I've been hacking a bit at the join code again... This time I've been putting some effort into optimising the case where the inner side of the join is known to be unique.
For example, given the tables:
create table t1 (id int primary key);
create table t2 (id int primary key);
And query such as:
select * from t1 left outer join t2 on t1.id=t2.id;
It is possible to deduce at planning time that "for each row in the outer relation, only 0 or 1 rows can exist in the inner relation", (inner being t2)
I've been hacking at this unique join idea again and I've now got it working for all join types -- Patch attached.
Here's how the performance is looking:
postgres=# create table t1 (id int primary key);
CREATE TABLE
postgres=# create table t2 (id int primary key);
CREATE TABLE
postgres=# insert into t1 select x.x from generate_series(1,1000000) x(x);
INSERT 0 1000000
postgres=# insert into t2 select x.x from generate_series(1,1000000) x(x);
INSERT 0 1000000
postgres=# vacuum analyze;
VACUUM
postgres=# \q
Query: select count(t1.id) from t1 inner join t2 on t1.id=t2.id;
I still need to perform more thorough benchmarking with different data types.
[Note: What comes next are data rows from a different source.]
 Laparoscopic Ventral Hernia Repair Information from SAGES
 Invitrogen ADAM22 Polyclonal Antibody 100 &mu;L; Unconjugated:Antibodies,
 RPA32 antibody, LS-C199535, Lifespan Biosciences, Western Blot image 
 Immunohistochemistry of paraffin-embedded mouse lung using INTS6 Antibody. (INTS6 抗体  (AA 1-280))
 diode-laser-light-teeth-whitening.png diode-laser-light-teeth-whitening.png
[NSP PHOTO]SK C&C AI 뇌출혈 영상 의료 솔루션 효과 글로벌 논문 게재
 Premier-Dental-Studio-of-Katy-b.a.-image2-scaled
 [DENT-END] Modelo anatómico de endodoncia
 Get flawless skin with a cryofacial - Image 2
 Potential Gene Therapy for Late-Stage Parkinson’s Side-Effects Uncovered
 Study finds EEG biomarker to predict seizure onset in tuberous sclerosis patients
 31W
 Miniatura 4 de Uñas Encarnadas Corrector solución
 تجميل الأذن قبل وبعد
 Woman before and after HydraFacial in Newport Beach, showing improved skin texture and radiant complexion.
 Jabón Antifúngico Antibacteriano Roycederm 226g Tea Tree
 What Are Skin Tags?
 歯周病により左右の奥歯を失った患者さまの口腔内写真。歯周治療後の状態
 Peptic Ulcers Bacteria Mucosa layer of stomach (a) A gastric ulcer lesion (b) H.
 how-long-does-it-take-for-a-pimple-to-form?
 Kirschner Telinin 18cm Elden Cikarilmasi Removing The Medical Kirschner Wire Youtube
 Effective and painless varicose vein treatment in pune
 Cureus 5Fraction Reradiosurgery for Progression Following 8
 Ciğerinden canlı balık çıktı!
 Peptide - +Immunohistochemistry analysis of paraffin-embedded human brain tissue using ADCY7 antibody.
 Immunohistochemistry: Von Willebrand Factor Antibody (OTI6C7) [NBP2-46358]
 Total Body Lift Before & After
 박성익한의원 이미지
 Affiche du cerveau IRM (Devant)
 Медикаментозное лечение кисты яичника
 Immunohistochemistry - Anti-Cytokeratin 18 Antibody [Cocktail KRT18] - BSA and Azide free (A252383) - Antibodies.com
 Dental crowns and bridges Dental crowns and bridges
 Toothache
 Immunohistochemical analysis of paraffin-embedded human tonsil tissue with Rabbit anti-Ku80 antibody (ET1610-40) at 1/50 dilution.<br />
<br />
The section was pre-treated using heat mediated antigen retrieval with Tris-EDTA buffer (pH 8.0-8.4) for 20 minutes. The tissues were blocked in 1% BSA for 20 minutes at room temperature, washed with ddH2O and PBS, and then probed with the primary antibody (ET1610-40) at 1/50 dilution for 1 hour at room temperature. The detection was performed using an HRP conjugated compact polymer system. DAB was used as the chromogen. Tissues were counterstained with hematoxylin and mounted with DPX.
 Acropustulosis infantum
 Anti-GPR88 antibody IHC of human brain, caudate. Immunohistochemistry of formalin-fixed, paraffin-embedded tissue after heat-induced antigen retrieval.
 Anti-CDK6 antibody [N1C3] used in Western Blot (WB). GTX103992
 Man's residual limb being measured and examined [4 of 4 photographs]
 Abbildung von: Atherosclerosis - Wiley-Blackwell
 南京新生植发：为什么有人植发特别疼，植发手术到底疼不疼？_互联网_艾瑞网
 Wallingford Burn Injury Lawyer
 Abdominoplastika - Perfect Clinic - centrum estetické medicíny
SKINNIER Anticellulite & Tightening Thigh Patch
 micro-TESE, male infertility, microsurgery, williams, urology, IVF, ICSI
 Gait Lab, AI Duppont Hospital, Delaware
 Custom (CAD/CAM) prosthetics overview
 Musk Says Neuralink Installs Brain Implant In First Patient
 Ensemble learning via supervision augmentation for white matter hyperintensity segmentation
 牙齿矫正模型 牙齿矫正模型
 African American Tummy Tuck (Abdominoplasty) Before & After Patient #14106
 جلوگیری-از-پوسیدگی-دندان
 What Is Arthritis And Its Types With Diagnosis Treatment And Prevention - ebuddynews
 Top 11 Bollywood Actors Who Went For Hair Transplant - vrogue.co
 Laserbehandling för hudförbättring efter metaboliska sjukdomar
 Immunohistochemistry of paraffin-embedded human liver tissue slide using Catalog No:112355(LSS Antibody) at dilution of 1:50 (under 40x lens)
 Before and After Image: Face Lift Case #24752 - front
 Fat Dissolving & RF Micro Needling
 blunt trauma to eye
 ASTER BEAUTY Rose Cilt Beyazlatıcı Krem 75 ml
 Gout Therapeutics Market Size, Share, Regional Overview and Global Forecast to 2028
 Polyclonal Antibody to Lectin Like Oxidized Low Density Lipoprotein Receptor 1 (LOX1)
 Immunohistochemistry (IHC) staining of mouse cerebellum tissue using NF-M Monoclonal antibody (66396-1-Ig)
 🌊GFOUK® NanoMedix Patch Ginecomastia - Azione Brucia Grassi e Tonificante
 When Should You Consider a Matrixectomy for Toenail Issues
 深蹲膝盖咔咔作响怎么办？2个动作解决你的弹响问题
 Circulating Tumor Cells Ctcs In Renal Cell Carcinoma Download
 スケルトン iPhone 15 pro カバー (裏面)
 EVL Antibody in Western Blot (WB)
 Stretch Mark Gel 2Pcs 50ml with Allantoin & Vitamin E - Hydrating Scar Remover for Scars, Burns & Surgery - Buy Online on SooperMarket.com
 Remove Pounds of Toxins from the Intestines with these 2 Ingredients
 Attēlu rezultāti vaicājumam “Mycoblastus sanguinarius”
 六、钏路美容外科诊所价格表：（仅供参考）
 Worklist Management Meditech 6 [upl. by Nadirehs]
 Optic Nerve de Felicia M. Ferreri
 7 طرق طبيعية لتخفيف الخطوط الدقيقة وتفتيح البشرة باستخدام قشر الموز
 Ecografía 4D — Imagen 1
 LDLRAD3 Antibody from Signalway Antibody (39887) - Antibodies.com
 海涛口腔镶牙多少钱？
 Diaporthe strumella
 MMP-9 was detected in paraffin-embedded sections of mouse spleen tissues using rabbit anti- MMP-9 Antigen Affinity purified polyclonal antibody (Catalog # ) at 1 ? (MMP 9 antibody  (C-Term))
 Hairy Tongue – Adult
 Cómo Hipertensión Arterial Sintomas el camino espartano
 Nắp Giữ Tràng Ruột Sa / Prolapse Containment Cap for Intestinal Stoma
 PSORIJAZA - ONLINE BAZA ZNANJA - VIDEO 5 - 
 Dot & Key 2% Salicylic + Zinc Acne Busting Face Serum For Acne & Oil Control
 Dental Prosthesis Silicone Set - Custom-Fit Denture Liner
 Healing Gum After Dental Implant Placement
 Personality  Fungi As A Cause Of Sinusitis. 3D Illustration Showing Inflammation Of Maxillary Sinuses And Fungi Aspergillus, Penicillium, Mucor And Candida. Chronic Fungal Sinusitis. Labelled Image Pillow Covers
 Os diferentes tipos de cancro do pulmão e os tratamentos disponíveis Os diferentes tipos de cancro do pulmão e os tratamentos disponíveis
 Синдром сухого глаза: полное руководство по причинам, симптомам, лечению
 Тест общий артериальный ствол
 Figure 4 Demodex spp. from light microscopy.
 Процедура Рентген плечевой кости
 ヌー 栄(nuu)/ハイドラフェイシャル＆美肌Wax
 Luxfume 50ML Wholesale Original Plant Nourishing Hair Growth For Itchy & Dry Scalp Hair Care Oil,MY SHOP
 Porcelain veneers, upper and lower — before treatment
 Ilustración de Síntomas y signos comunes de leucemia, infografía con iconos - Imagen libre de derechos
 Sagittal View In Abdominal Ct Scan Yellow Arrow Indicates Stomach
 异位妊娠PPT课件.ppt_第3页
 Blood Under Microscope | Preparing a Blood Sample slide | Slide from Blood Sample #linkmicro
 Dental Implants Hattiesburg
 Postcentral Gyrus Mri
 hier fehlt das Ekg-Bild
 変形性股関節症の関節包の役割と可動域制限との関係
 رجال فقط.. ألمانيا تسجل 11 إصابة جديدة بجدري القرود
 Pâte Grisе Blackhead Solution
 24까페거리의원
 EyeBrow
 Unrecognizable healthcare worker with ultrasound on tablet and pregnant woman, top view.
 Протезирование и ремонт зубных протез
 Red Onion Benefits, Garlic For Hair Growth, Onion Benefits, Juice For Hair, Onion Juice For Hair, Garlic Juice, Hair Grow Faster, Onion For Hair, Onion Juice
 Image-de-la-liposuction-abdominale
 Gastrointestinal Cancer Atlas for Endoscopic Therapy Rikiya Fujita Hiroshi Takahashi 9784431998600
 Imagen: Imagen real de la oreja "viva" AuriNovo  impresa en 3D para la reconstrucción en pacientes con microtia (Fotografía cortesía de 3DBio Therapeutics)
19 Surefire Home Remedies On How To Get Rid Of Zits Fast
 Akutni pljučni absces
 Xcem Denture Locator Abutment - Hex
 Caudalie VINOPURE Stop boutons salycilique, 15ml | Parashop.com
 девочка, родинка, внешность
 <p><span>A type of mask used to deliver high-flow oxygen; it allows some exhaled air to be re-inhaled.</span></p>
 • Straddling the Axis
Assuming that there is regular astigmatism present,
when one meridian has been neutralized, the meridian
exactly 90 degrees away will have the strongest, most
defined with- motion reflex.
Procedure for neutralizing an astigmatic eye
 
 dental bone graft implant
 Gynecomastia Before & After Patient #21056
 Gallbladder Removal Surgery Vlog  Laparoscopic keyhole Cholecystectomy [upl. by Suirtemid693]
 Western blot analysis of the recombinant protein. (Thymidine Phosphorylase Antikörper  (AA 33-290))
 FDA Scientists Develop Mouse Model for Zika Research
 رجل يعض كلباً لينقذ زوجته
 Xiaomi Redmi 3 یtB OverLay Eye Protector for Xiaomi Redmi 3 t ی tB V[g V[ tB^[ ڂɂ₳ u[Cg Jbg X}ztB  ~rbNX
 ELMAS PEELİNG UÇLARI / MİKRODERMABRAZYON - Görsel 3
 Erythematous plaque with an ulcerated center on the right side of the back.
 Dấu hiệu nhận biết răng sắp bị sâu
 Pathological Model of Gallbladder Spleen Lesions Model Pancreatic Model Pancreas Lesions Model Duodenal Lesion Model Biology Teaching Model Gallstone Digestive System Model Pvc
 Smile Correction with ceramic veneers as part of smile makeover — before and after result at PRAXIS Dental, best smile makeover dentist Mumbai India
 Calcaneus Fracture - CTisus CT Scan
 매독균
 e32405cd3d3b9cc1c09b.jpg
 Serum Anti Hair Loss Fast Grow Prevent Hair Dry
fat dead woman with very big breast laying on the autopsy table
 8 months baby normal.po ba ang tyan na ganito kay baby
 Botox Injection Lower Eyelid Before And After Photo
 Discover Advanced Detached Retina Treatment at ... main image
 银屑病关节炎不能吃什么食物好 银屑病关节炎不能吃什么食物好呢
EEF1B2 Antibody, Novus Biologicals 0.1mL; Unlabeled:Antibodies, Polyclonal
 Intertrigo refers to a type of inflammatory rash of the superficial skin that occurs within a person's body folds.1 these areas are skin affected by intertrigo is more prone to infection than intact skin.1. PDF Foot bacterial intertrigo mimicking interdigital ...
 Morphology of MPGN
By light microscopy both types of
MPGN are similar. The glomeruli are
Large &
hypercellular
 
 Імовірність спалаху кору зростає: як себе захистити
One weird thing that I noticed before is that in an earlier revision of the patch in the executor's join Initialise node code, I had set the unique_inner to true for semi joins and replaced the SEMI_JOIN check for a unique_join check in the execute node for each join method. With this the performance results barely changed from standard... I've yet to find out why.
The patch also has added a property to the EXPLAIN (VERBOSE) output which states if the join was found to be unique or not.
The patch also still requires a final pass of comment fix-ups. I've just plain run out of time for now.